Drop your WebP file onto the upload area or click to browse your files. The tool accepts WebP files up to 20 MB. Once the file loads, the browser reads it into memory using the FileReader API and displays a preview.
Click Convert to PNG. The browser renders the WebP to a Canvas element and exports the pixel data as a lossless PNG. The download link appears as soon as the export completes. Click Download to save the PNG file.
Transparency in the WebP source is carried through to the PNG output automatically. No settings adjustment is needed to preserve transparent pixels.
Lossless conversion does not mean the original quality before any compression is restored. If the source WebP was encoded lossily, some image data was discarded at that point and cannot be recovered by any subsequent conversion.

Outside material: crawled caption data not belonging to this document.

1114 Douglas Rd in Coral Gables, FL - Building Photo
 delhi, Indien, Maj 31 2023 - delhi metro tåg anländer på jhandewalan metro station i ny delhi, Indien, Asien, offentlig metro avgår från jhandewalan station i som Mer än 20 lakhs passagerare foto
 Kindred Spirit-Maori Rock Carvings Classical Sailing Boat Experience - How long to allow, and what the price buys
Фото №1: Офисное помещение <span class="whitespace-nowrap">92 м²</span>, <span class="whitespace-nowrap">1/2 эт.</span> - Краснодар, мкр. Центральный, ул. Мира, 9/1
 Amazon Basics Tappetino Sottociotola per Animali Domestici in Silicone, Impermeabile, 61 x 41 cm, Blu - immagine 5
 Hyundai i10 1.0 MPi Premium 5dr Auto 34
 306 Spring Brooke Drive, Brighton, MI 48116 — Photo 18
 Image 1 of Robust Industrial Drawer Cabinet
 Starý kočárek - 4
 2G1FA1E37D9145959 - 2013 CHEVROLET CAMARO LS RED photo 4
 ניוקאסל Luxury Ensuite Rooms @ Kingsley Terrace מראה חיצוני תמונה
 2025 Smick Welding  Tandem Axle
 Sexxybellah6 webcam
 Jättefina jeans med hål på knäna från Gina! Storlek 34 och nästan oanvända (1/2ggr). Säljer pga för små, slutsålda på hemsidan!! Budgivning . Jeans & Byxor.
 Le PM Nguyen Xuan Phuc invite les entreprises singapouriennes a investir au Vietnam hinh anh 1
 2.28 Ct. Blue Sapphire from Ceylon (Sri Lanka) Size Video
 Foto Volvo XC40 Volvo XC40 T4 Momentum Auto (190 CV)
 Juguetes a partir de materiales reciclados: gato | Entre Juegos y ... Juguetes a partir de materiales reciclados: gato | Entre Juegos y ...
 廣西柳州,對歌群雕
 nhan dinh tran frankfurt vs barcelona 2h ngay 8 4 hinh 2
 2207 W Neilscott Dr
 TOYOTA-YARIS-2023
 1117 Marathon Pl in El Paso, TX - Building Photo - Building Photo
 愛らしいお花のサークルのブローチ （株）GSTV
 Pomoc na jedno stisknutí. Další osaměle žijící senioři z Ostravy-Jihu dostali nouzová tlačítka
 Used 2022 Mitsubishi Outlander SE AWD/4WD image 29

What lossless conversion does mean is that no further data loss is introduced during the WebP to PNG step. The pixel values that the WebP displays are recorded exactly in the PNG. Every subsequent edit and re-save of the PNG is also lossless, preventing further quality degradation in the editing chain.
This makes PNG the correct intermediate format for editing work even when the source was a lossy WebP. Further edits on the PNG accumulate no additional artifacts, whereas working directly in a lossy format and re-saving would add another compression pass each time.
Your WebP file is never sent to a server. The browser reads it into local memory, converts it using the Canvas API, and makes the PNG available as a download through a browser blob URL. No external system receives the image data at any point during the conversion.
This makes the tool suitable for converting WebP files that contain proprietary content, confidential designs, or private imagery. There are no file uploads to approve, no terms of service governing what you may convert, and no server-side logs that record the files you process.
The tool works offline after the page has loaded. An active internet connection is not required for the conversion itself, which runs entirely within the browser environment.